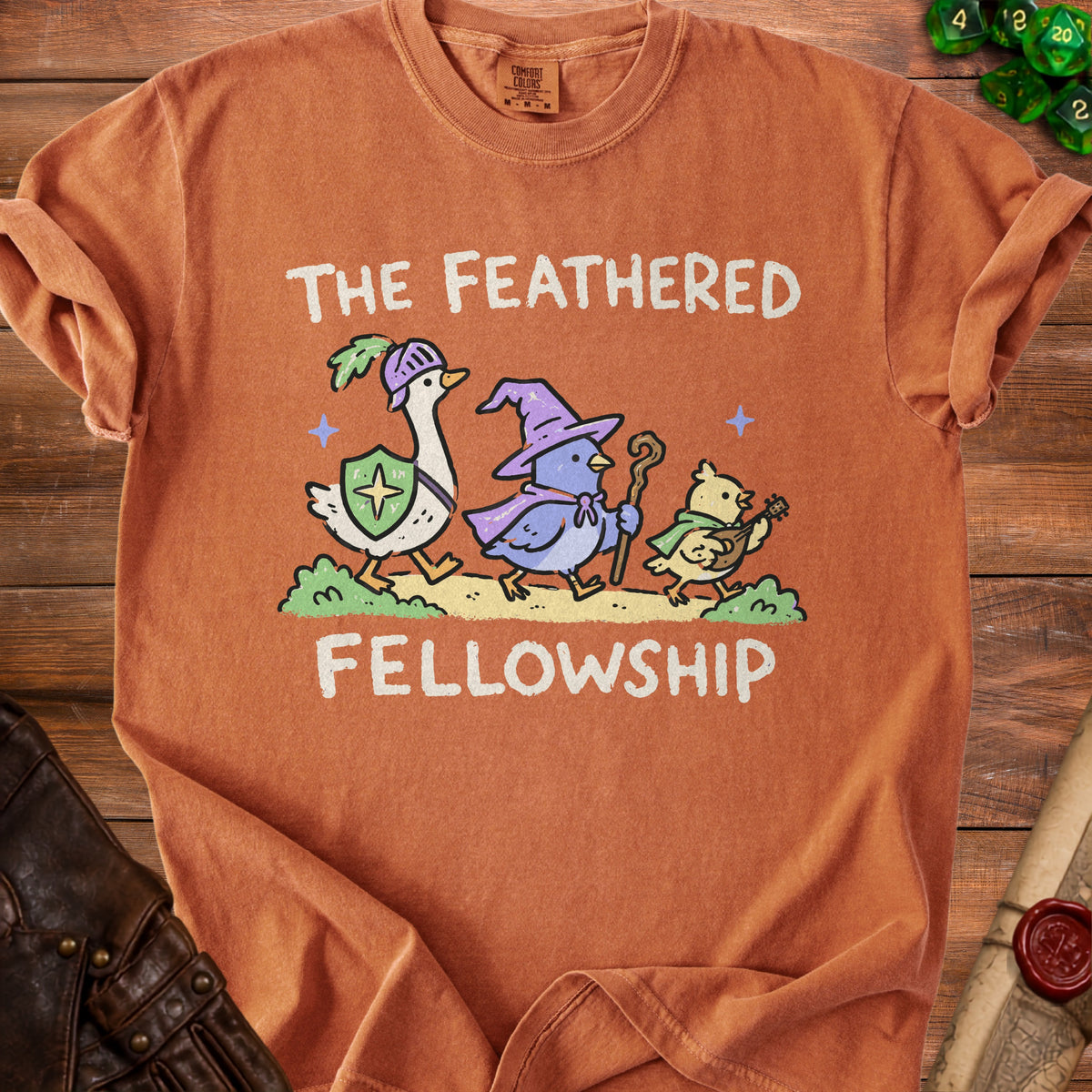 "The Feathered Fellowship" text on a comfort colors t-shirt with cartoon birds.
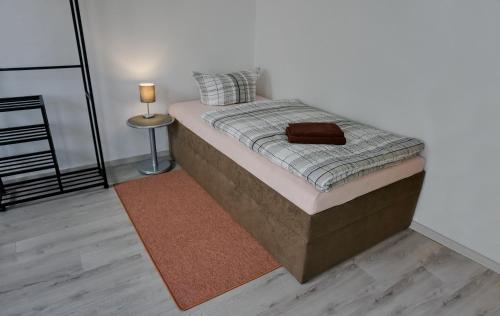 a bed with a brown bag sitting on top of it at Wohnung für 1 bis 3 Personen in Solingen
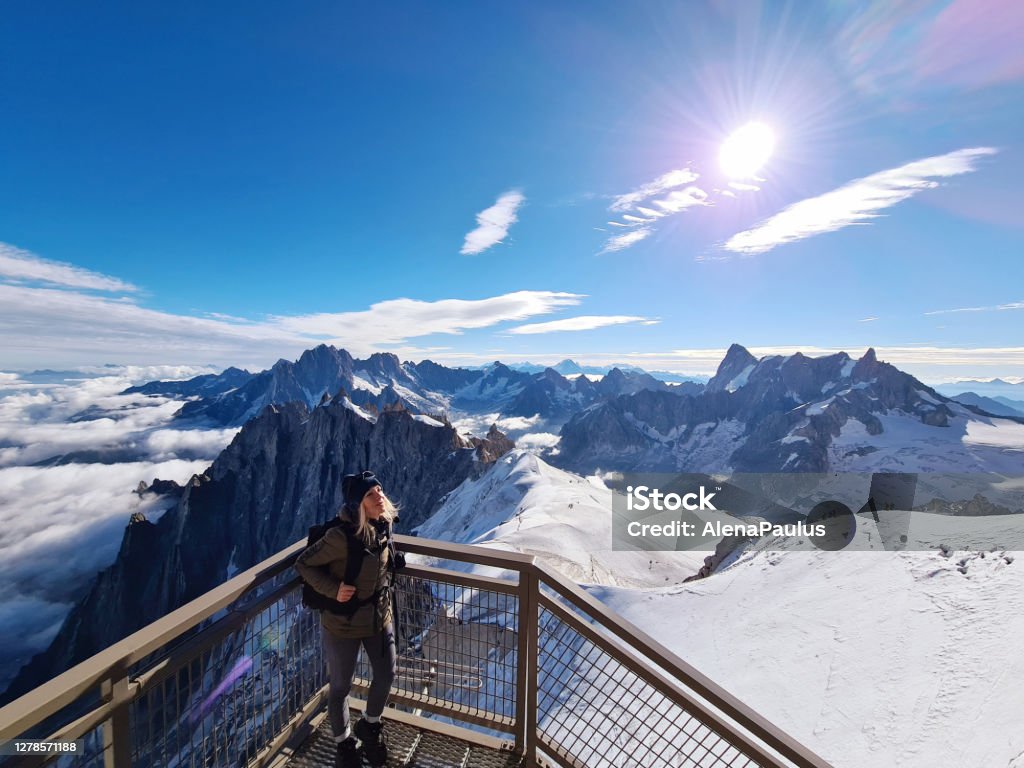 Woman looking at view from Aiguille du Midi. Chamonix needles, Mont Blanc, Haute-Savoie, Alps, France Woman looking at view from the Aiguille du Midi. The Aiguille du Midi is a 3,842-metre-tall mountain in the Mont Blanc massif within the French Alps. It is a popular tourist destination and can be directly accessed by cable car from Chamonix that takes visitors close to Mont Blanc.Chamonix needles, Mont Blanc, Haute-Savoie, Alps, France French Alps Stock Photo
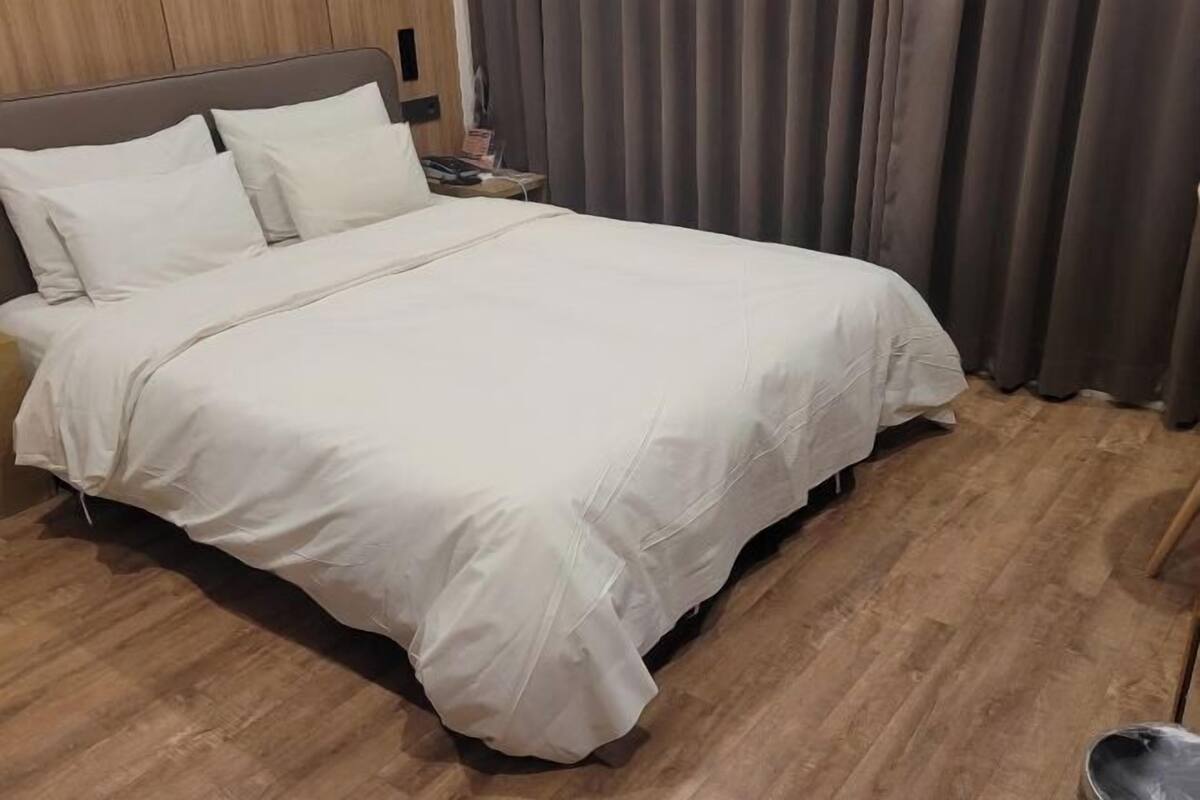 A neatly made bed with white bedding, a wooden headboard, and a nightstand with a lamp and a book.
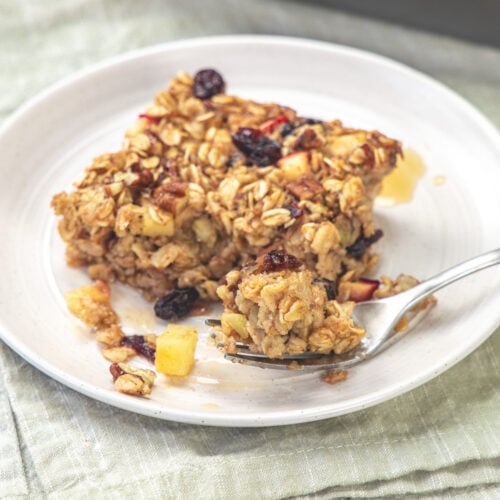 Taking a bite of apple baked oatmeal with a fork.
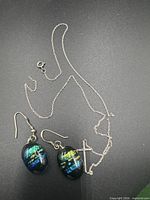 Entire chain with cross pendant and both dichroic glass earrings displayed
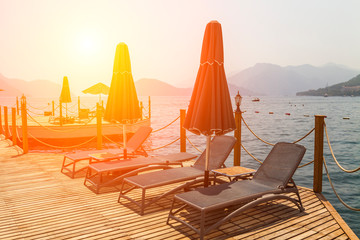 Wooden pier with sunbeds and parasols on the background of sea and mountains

**YOUR GOAL:** Everything from the line above that contains "a bed with a" down to the line that contains "Taking a bite" must be reproduced exactly, both ends included. Omit the pictures.

**RESPONSE:**
 a bed with a brown bag sitting on top of it at Wohnung für 1 bis 3 Personen in Solingen
 Woman looking at view from Aiguille du Midi. Chamonix needles, Mont Blanc, Haute-Savoie, Alps, France Woman looking at view from the Aiguille du Midi. The Aiguille du Midi is a 3,842-metre-tall mountain in the Mont Blanc massif within the French Alps. It is a popular tourist destination and can be directly accessed by cable car from Chamonix that takes visitors close to Mont Blanc.Chamonix needles, Mont Blanc, Haute-Savoie, Alps, France French Alps Stock Photo
 A neatly made bed with white bedding, a wooden headboard, and a nightstand with a lamp and a book.
 Taking a bite of apple baked oatmeal with a fork.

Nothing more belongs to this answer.